__LISTED ENTRIES__
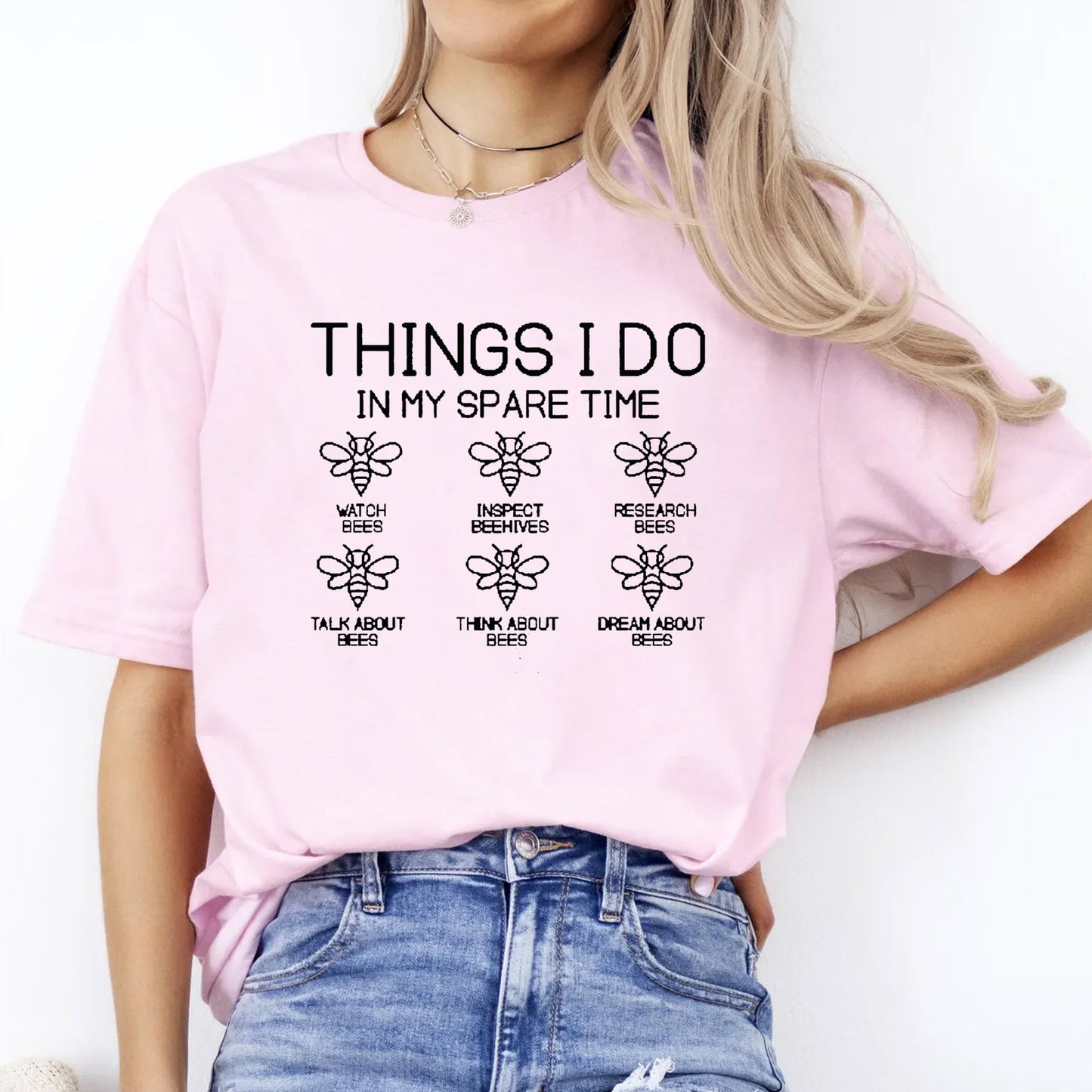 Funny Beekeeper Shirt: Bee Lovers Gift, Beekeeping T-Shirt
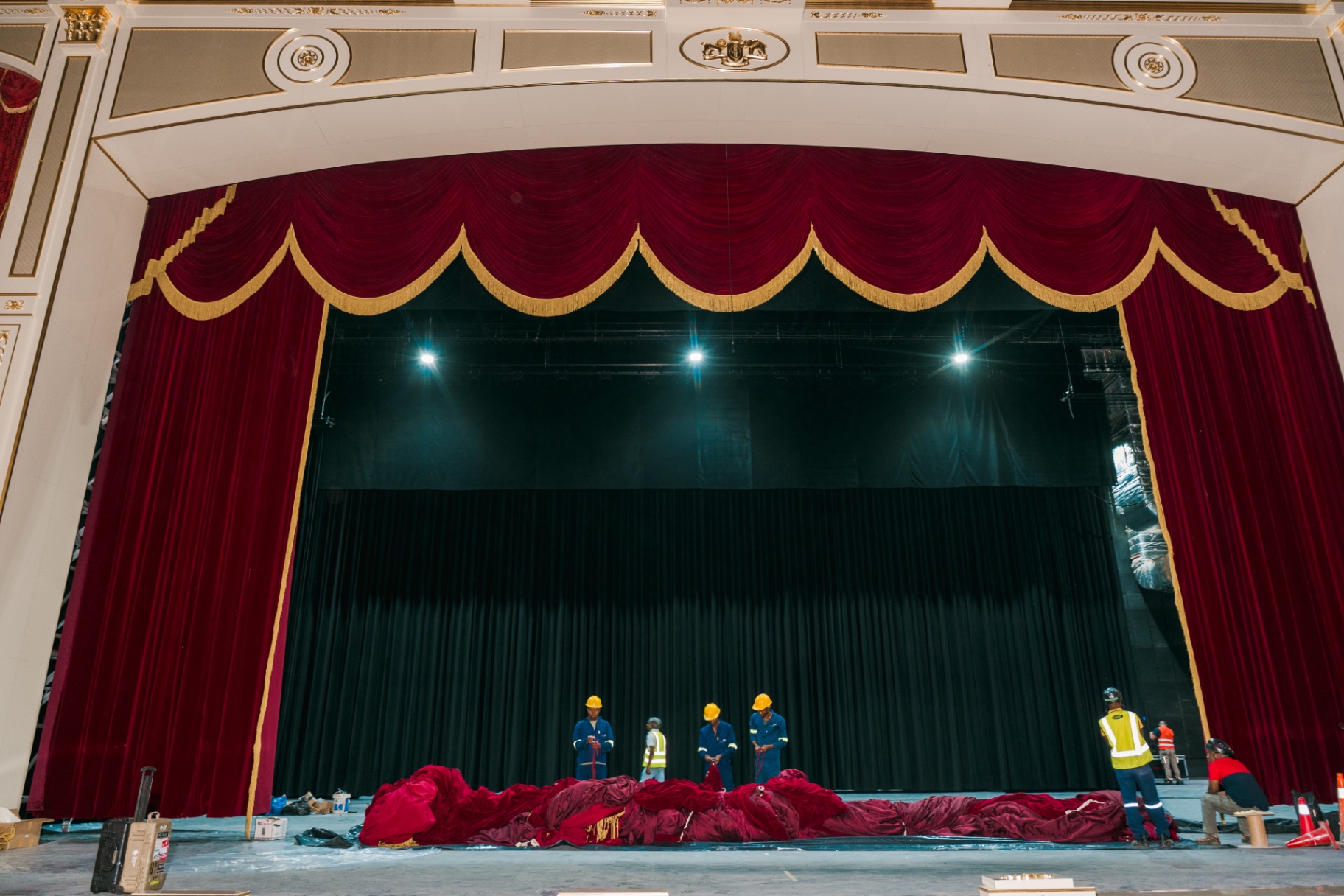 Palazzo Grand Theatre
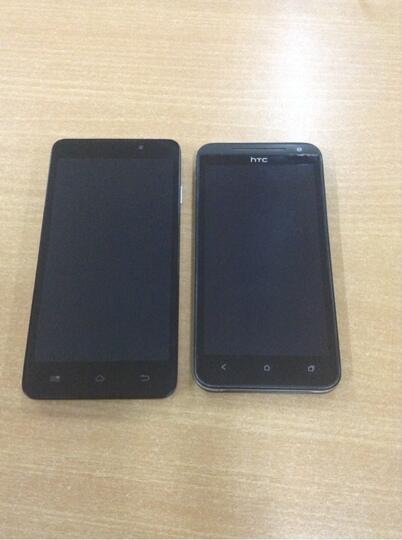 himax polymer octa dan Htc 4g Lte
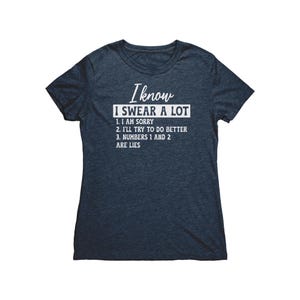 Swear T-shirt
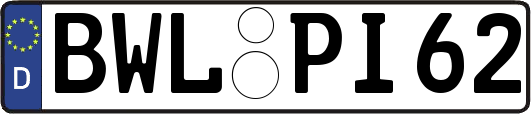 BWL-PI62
...
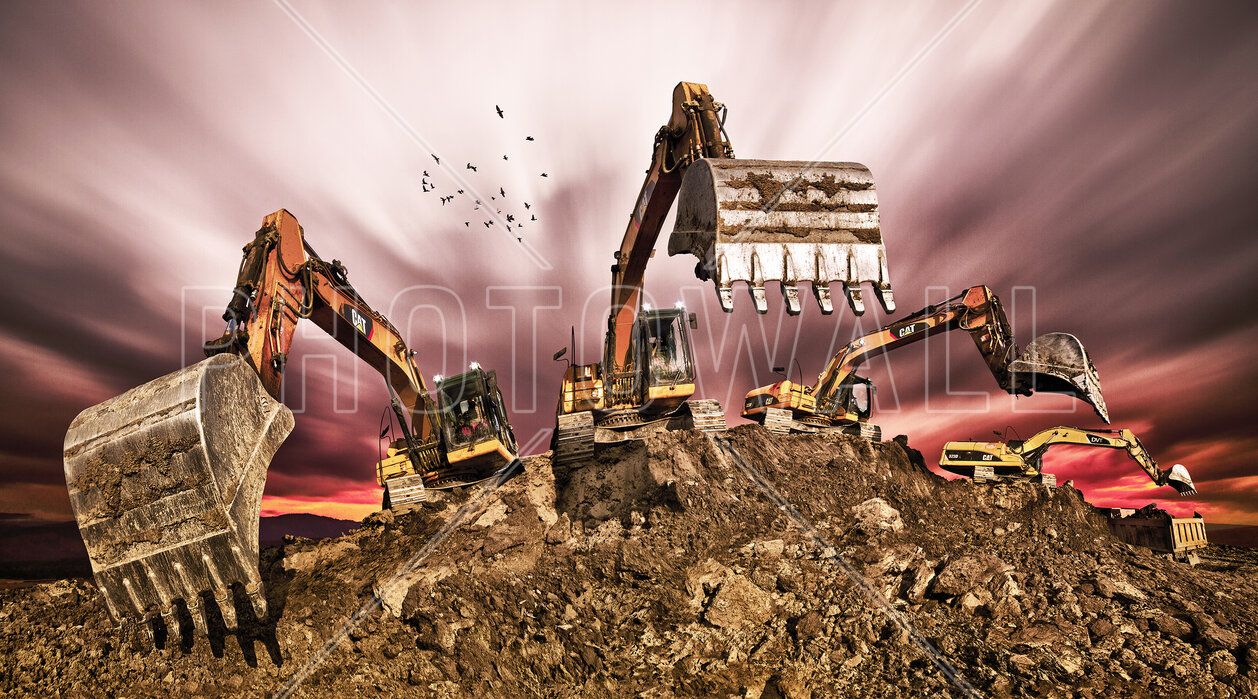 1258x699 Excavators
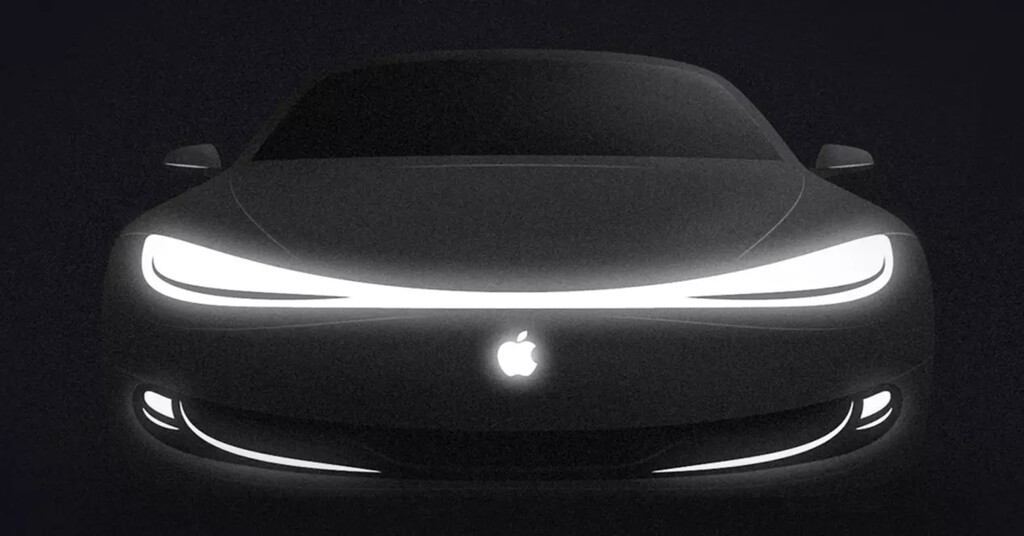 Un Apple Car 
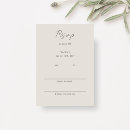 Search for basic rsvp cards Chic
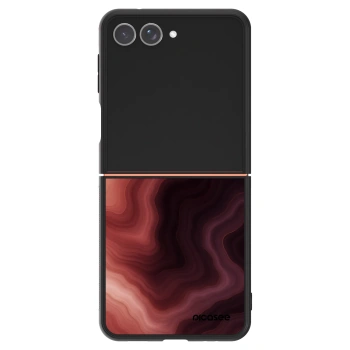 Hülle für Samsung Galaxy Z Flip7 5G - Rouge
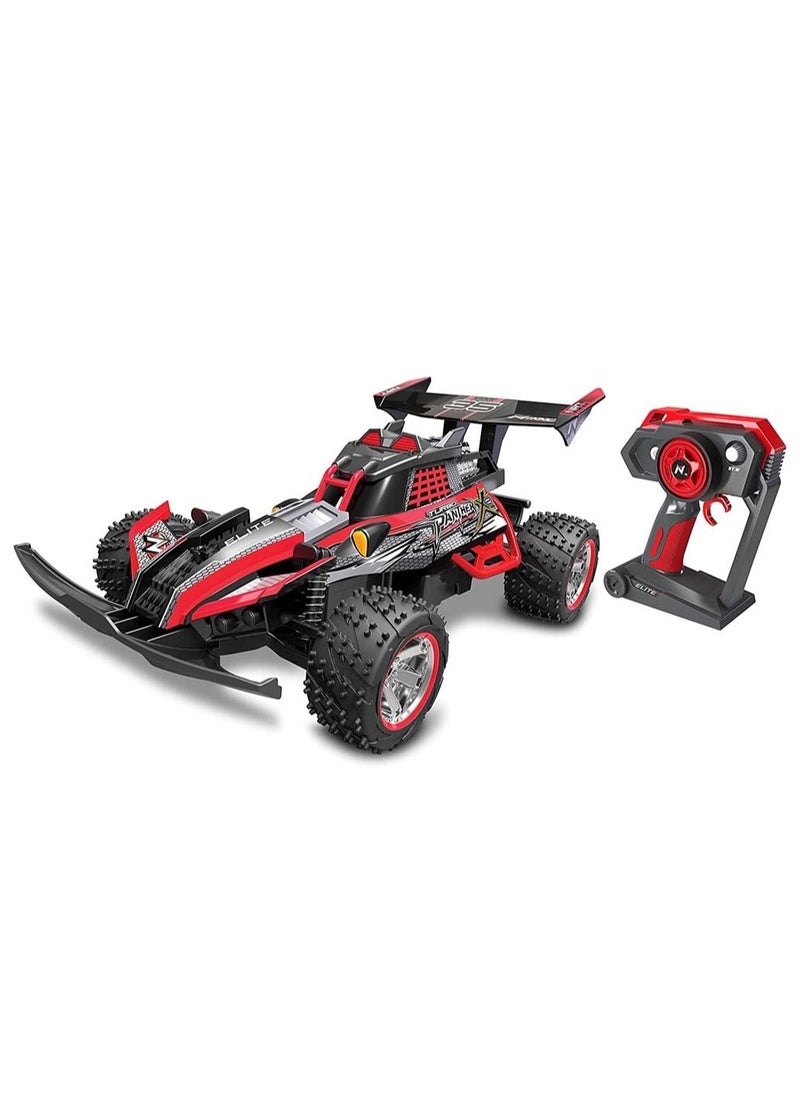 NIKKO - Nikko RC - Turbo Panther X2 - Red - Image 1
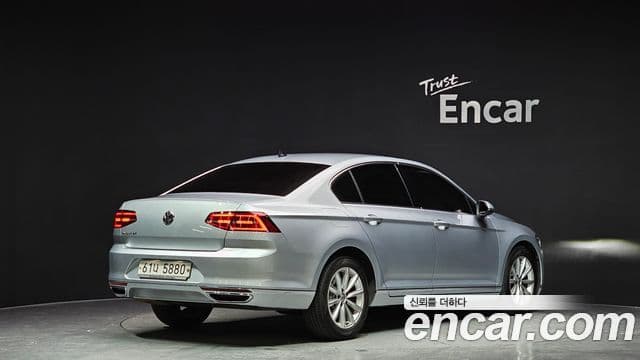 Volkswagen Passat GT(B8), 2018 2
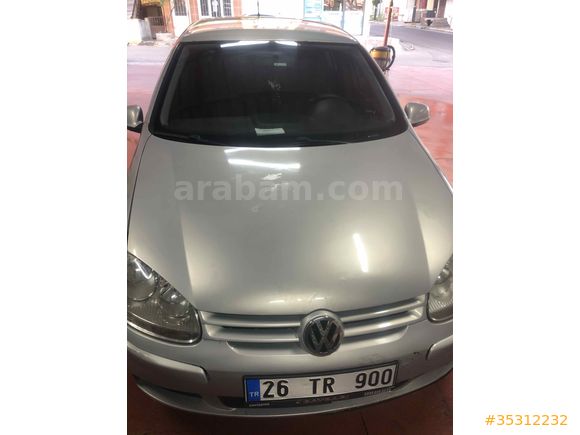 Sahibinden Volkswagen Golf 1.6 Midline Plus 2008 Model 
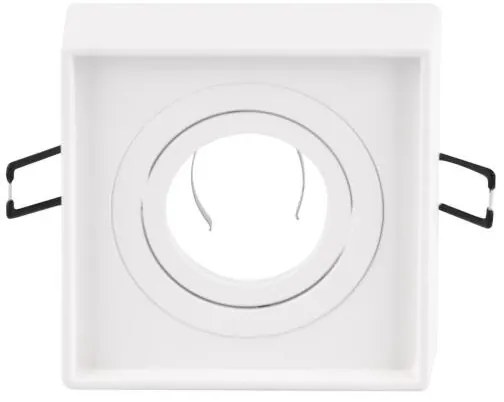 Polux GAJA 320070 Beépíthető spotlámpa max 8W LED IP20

__TASK DIRECTIONS__
From the records above, extract the lines from the one holding "Un Apple Car" through the one holding "Polux GAJA 320070", word for word; omit the pictures.

__RESPONSE BELOW__
 Un Apple Car 
 Search for basic rsvp cards Chic
 Hülle für Samsung Galaxy Z Flip7 5G - Rouge
 NIKKO - Nikko RC - Turbo Panther X2 - Red - Image 1
 Volkswagen Passat GT(B8), 2018 2
 Sahibinden Volkswagen Golf 1.6 Midline Plus 2008 Model 
 Polux GAJA 320070 Beépíthető spotlámpa max 8W LED IP20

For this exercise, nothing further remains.